Stored dataset items:
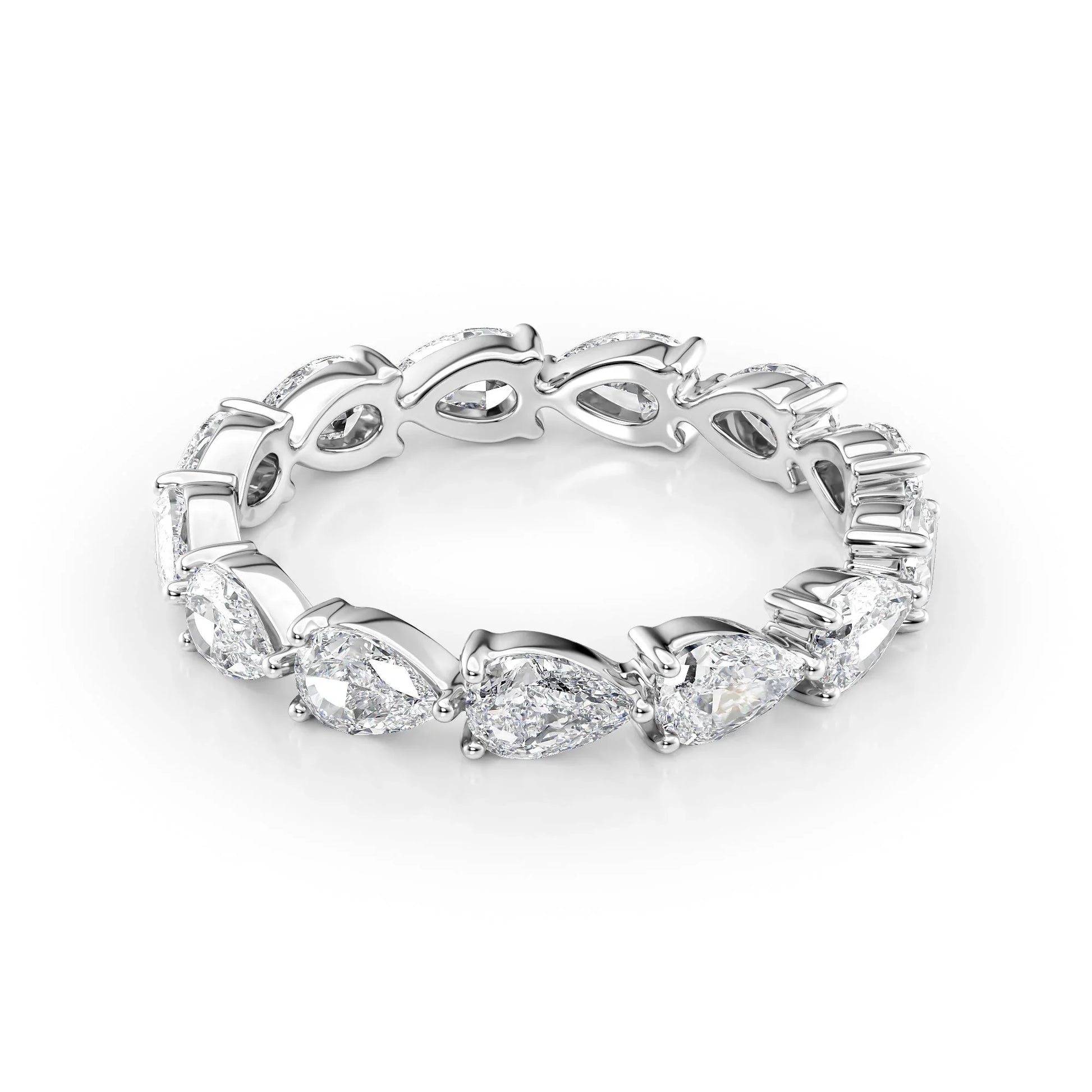 East West Pear Lab Grown Diamond Eternity Band, EF Color, VS Clarity, IGI Certified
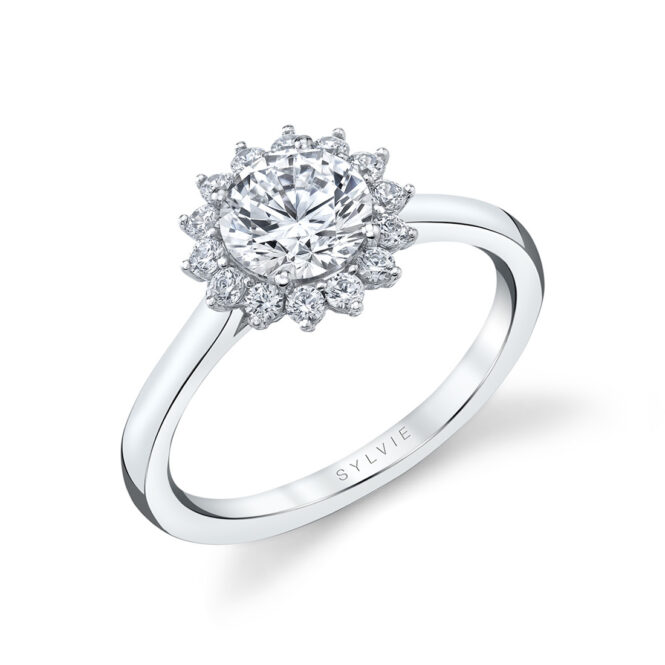 profile of unique engagement ring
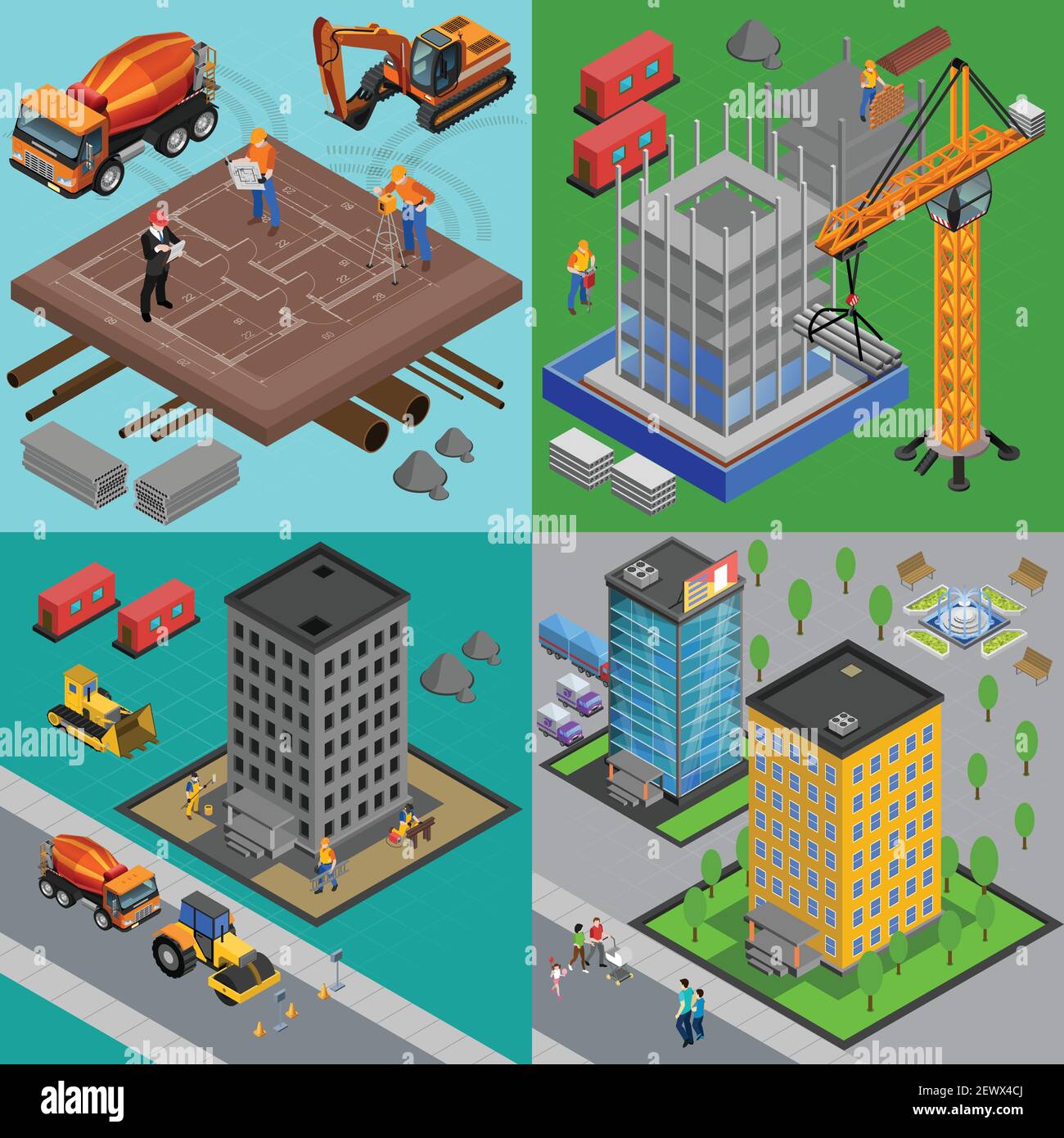 Progettazione isometrica della costruzione con vista sui cantieri edili e. case in diversi punti di costruzione illustrazione vettoriale Illustrazione Vettoriale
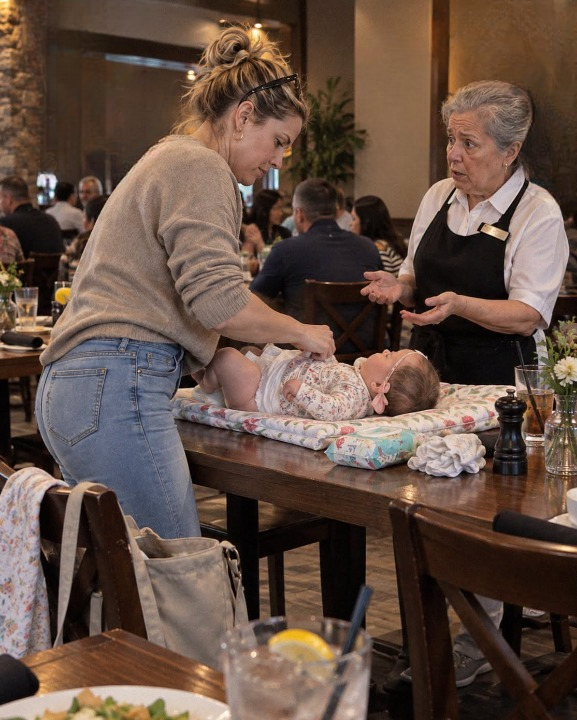 Mom Changes Baby’s Diaper on Restaurant Table — Then Screams, “You Can’t Do That!”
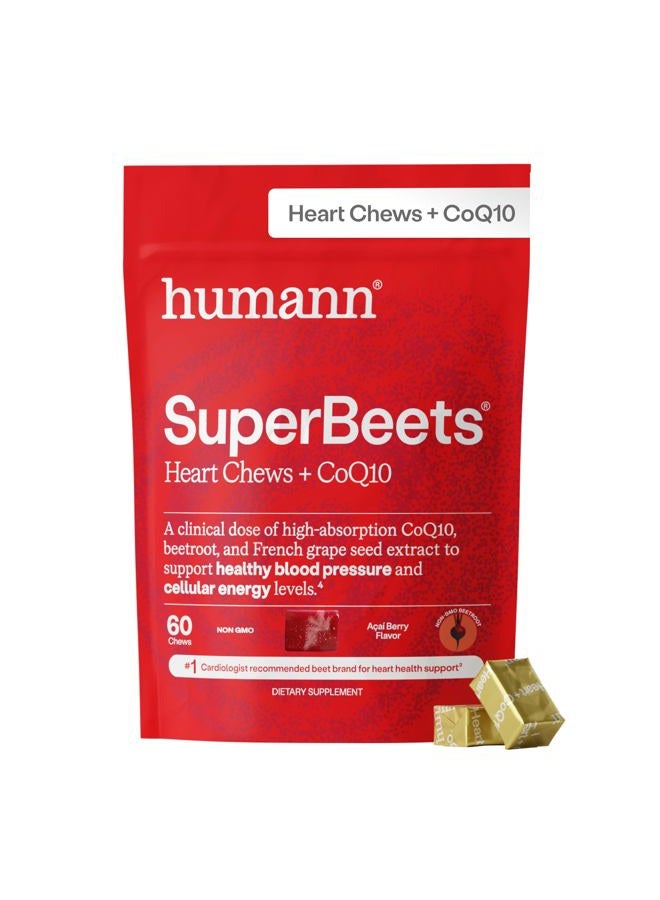 humanN SuperBeets Heart Chews Advanced - 100mg of CoQ10 Plus Beetroot & Grape Seed Extract, 60 Count - Image 1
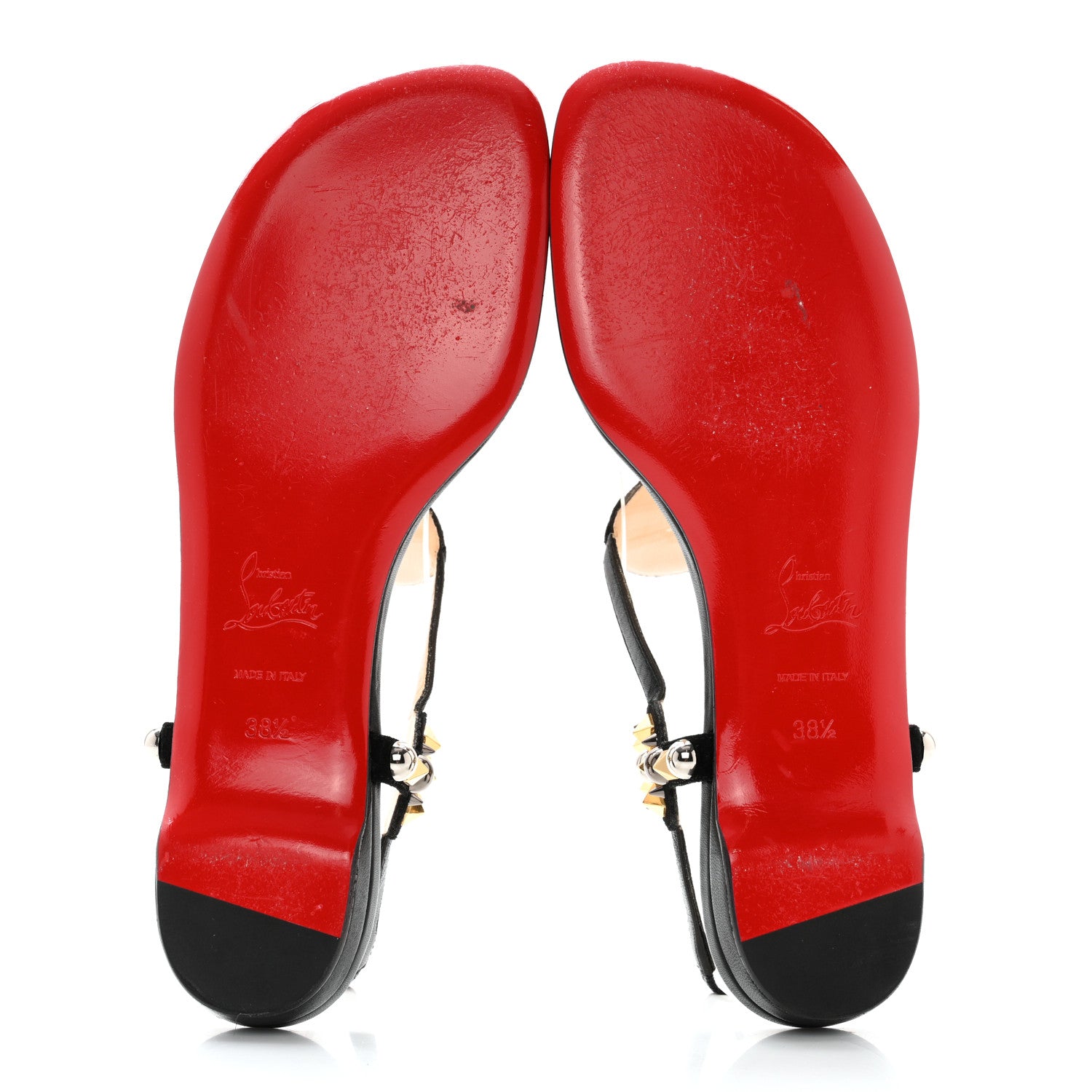 Christian Louboutin Nappa Studded Kaleitop T-Strap Sandals 38.5 Black 5 of 7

PROMPT: Give again, word for word, only the lines from the one with "humanN SuperBeets Heart" through the last line of the entries, both included; no pictures go in the copy.

EXPECTED OUTPUT:
 humanN SuperBeets Heart Chews Advanced - 100mg of CoQ10 Plus Beetroot & Grape Seed Extract, 60 Count - Image 1
 Christian Louboutin Nappa Studded Kaleitop T-Strap Sandals 38.5 Black 5 of 7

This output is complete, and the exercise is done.